相反する要素のせめぎあいから生まれた短篇集
左の画像は『丸い地球のどこかの曲がり角で』の帯付きの書影だ。
帯に掲載されたニューヨーク・タイムズの書評は「この難しい時代に生きる我々に元気を取り戻させてくれる本」と書き、ニューヨーカーは「最悪のことはまたたく間に身近に迫ってくる」と書いている。
いったいどっちなんだ、読むと元気が出るのか、それとも不安になるのか、はっきりしてほしい、と思われた方もいらっしゃるかもしれない。だが、この本の印象としてはどちらもそのとおりなのだ。

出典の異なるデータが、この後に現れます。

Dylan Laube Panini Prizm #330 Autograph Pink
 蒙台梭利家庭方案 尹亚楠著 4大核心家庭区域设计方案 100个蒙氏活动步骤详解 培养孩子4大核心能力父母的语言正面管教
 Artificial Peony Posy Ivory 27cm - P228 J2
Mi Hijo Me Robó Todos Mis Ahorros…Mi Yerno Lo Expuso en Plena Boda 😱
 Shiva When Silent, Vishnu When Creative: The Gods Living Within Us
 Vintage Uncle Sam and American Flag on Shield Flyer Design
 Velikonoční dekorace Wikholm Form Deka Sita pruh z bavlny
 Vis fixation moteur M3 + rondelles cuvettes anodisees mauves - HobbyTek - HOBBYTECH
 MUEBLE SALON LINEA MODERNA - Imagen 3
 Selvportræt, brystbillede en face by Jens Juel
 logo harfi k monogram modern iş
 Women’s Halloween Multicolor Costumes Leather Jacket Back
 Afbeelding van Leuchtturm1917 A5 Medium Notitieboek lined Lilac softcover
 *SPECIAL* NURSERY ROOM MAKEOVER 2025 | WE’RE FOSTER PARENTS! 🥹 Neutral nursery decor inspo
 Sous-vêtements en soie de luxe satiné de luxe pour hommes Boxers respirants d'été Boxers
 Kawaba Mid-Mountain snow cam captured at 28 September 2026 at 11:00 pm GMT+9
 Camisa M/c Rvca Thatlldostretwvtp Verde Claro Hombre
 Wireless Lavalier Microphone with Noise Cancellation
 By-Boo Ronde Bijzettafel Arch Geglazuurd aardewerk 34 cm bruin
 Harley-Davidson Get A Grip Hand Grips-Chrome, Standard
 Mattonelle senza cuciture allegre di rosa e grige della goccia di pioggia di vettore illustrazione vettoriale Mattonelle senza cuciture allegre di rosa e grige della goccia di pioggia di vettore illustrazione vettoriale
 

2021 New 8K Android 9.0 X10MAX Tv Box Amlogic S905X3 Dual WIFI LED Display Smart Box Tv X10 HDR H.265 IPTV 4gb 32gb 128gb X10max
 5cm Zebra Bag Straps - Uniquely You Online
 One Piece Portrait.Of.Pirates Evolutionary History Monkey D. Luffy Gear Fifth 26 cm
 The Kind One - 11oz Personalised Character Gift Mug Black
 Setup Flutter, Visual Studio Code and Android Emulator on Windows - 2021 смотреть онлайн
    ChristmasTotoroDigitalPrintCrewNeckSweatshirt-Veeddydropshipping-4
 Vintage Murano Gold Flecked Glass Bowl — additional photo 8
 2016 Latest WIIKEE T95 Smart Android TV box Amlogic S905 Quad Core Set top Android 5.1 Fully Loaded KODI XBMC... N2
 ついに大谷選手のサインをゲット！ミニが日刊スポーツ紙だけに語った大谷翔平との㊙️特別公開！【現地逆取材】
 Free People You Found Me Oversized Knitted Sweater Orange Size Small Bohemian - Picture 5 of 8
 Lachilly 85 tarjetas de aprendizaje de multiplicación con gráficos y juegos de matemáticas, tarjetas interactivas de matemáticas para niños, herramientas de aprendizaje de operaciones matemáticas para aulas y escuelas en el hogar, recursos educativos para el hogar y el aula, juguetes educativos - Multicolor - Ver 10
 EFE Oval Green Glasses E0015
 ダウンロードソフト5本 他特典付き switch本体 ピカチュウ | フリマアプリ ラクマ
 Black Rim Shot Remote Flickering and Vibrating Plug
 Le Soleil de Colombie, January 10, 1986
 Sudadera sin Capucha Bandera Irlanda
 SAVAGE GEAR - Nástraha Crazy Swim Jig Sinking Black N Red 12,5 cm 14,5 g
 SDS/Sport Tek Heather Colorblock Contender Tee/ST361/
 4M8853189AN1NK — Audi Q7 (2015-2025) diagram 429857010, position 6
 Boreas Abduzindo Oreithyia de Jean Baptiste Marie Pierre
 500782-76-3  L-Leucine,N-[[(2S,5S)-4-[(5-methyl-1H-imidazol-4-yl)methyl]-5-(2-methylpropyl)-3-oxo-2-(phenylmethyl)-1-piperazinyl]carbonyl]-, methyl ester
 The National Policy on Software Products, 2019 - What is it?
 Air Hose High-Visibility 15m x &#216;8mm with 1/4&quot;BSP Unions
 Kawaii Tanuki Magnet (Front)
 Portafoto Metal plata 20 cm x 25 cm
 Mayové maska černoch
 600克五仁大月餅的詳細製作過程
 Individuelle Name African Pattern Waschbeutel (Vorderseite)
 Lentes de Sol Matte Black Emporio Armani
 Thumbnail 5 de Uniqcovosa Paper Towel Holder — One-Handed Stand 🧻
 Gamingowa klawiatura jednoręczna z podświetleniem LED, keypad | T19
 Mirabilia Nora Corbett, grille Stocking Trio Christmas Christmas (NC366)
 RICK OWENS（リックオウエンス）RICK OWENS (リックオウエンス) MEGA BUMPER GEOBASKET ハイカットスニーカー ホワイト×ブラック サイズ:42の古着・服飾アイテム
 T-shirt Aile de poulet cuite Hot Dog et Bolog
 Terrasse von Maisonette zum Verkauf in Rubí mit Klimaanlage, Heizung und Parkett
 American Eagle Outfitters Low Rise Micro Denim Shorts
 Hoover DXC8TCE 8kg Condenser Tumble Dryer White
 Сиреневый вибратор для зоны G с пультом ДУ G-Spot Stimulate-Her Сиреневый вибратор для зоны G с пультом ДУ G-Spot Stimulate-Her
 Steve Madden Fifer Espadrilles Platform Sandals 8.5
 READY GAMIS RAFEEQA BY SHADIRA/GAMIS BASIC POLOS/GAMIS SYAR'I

たしかに不穏な空気に満ちた本だが、現代を生きる私たちの不安に寄り添うという意味で元気を与えてくれる本でもある。むしろ、こうした相反する要素の集合体が本書なのではないかと思う。
作者自身が刊行当時、多くのメディアに語っている。「自分はフロリダにやってきて十数年になるが、この土地に対してはいまだに愛憎半ばする思いを持っている、この相反するふたつの感情のせめぎあいこそが、これらの作品群を生み出す原動力となった」のだと。※引用は『丸い地球のどこかの曲がり角で』訳者あとがきより。
ひとつひとつの作品の中でも相反する要素が拮抗していることが多い。たとえば「ハリケーンの目」はカラッと明るい幽霊譚だが、かなりせつない物語でもある。「イポール」の中では、主人公の(そして作者の)モーパッサンへの愛憎が拮抗している。
いくつもの相反する要素がぎゅっと詰まった物語の数々。読者のみなさんにはそれを楽しんでいただけたらと思う。